INFORMATION:
····················
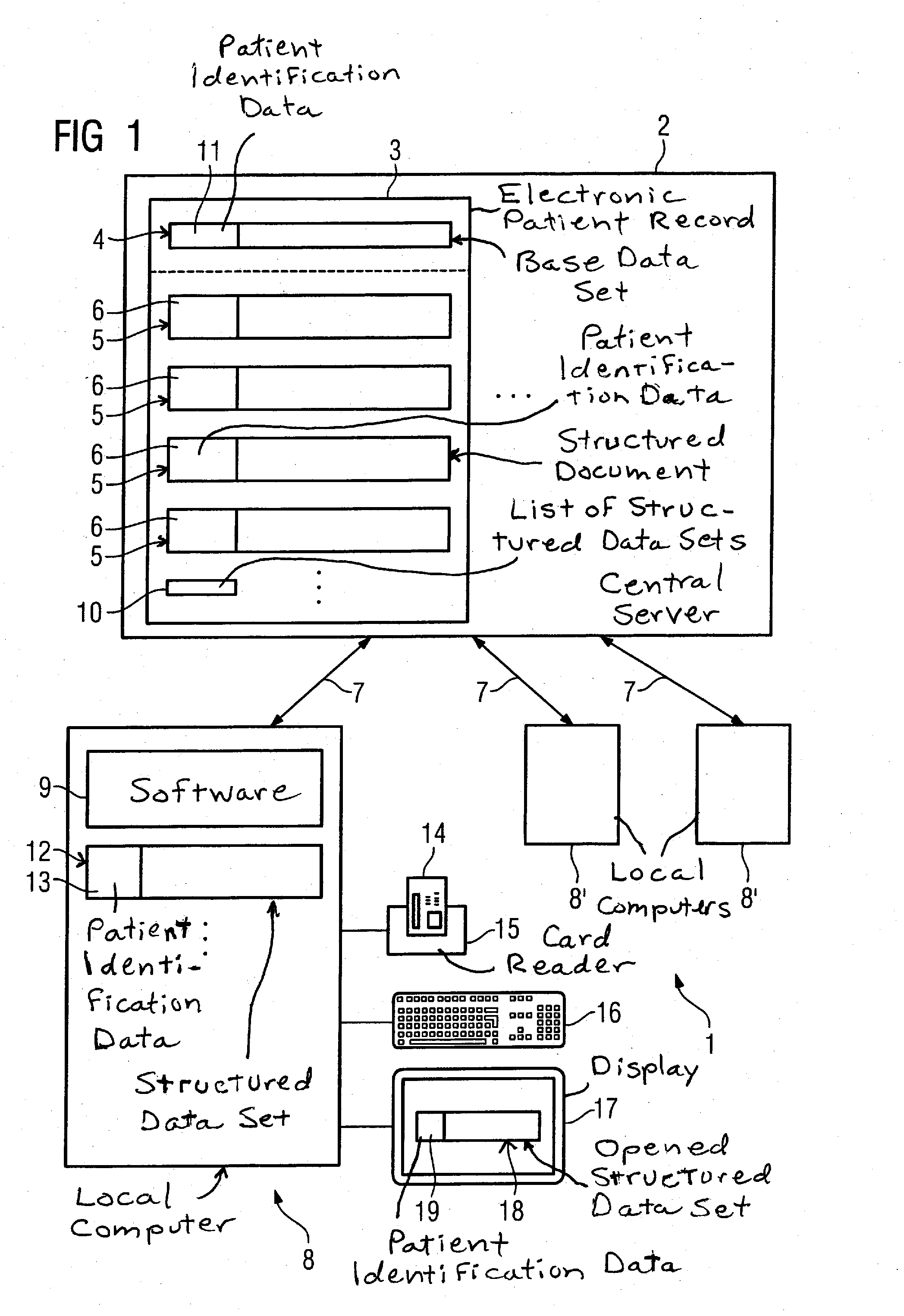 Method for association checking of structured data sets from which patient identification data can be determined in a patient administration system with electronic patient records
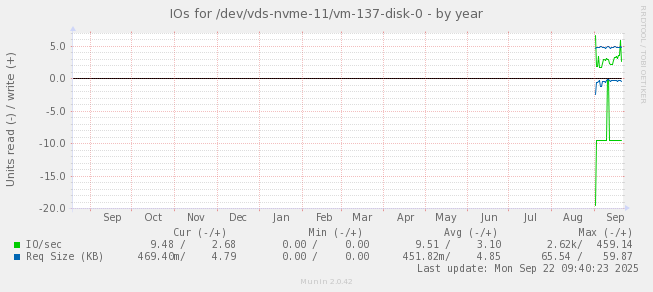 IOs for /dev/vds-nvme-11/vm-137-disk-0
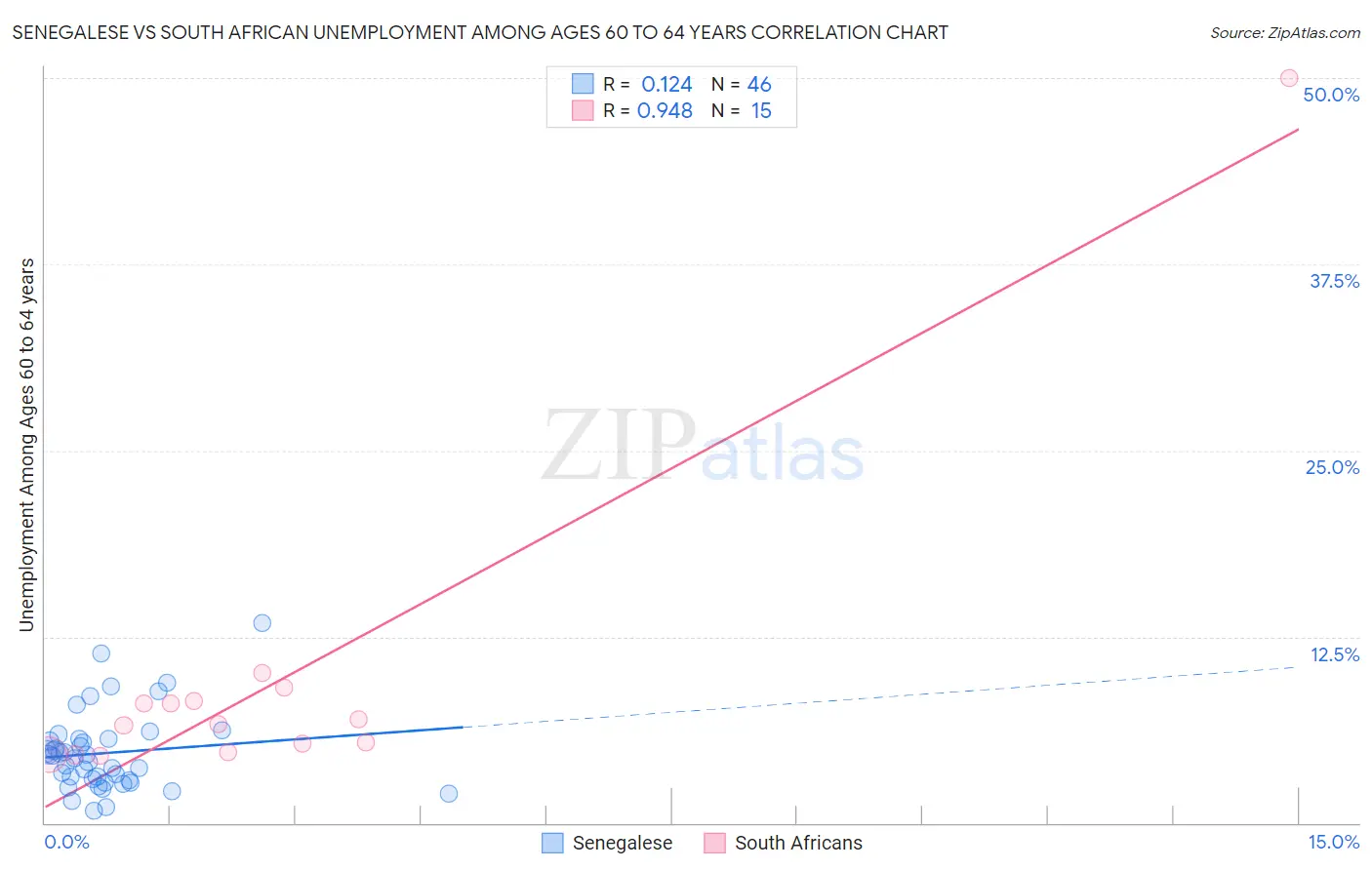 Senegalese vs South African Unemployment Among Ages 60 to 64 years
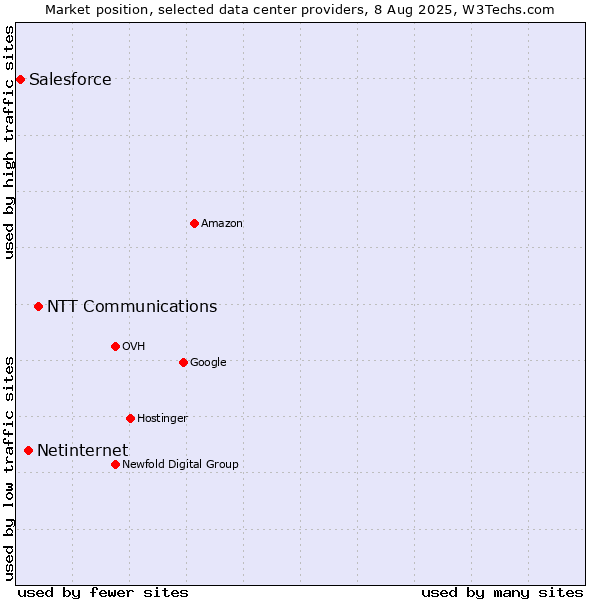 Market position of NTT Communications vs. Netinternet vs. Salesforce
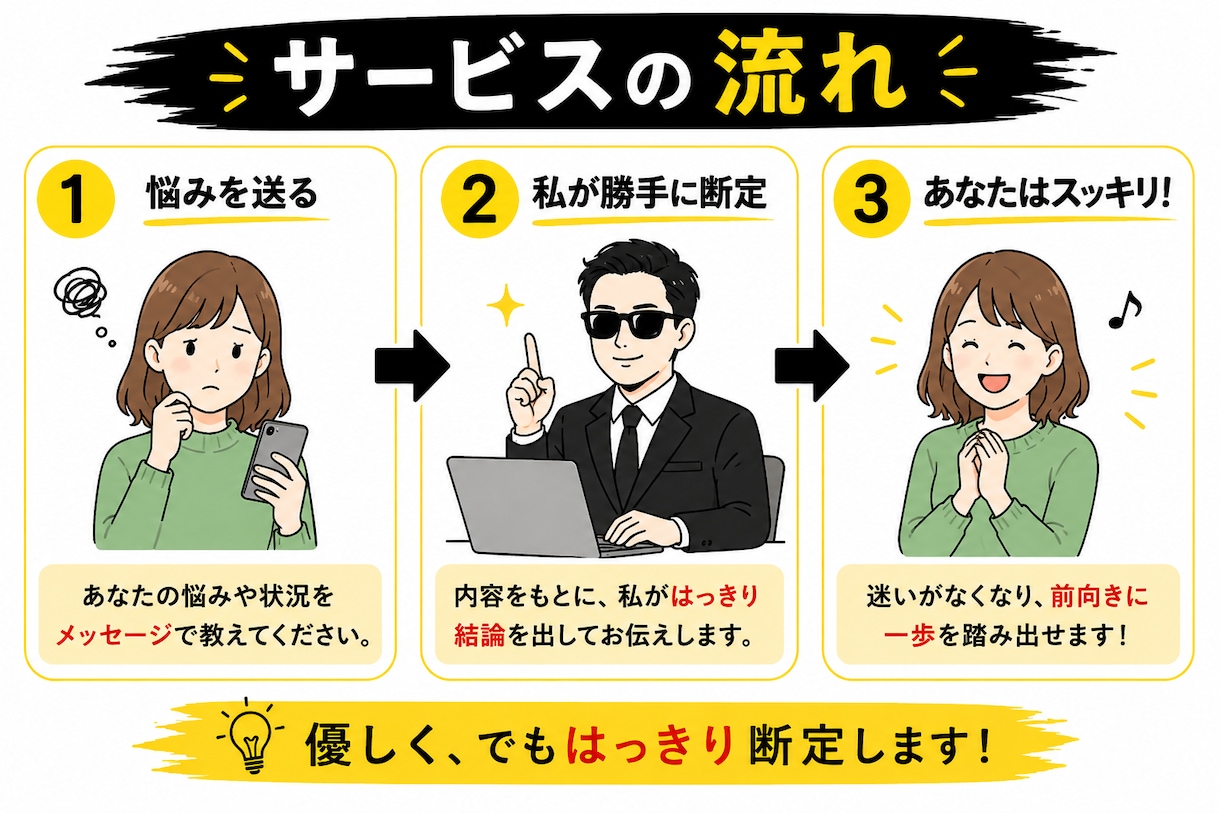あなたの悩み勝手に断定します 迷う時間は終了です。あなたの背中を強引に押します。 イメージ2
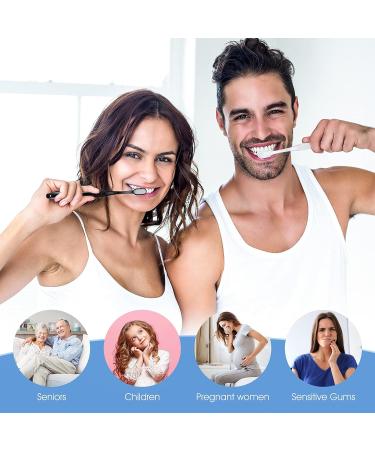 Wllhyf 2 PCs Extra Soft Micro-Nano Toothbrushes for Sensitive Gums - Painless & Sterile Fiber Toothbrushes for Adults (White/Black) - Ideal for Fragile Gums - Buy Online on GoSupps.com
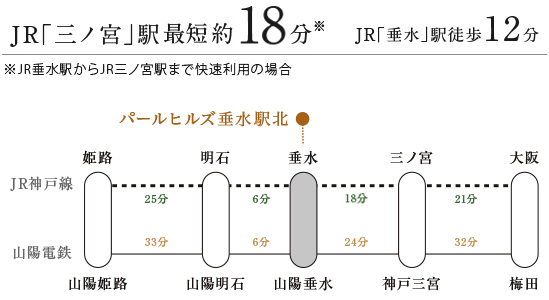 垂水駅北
····················
YOUR OBJECTIVE: Exact copies of the entries above are needed, without their pictures.

EXERCISE RESULT:
 Method for association checking of structured data sets from which patient identification data can be determined in a patient administration system with electronic patient records
 IOs for /dev/vds-nvme-11/vm-137-disk-0
 Senegalese vs South African Unemployment Among Ages 60 to 64 years
 Market position of NTT Communications vs. Netinternet vs. Salesforce
あなたの悩み勝手に断定します 迷う時間は終了です。あなたの背中を強引に押します。 イメージ2
 Wllhyf 2 PCs Extra Soft Micro-Nano Toothbrushes for Sensitive Gums - Painless & Sterile Fiber Toothbrushes for Adults (White/Black) - Ideal for Fragile Gums - Buy Online on GoSupps.com
 垂水駅北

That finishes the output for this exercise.